EXERCISE BRIEF:
Please restate the following records word for word.

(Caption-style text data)
++++++++++++++++++++

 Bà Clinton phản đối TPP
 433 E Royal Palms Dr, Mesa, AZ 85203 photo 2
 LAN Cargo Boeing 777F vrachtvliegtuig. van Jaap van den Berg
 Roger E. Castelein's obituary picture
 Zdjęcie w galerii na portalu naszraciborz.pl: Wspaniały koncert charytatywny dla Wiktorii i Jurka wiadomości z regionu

++++++++++++++++++++

ANSWER FOR THE TASK:
 Bà Clinton phản đối TPP
 433 E Royal Palms Dr, Mesa, AZ 85203 photo 2
 LAN Cargo Boeing 777F vrachtvliegtuig. van Jaap van den Berg
 Roger E. Castelein's obituary picture
 Zdjęcie w galerii na portalu naszraciborz.pl: Wspaniały koncert charytatywny dla Wiktorii i Jurka wiadomości z regionu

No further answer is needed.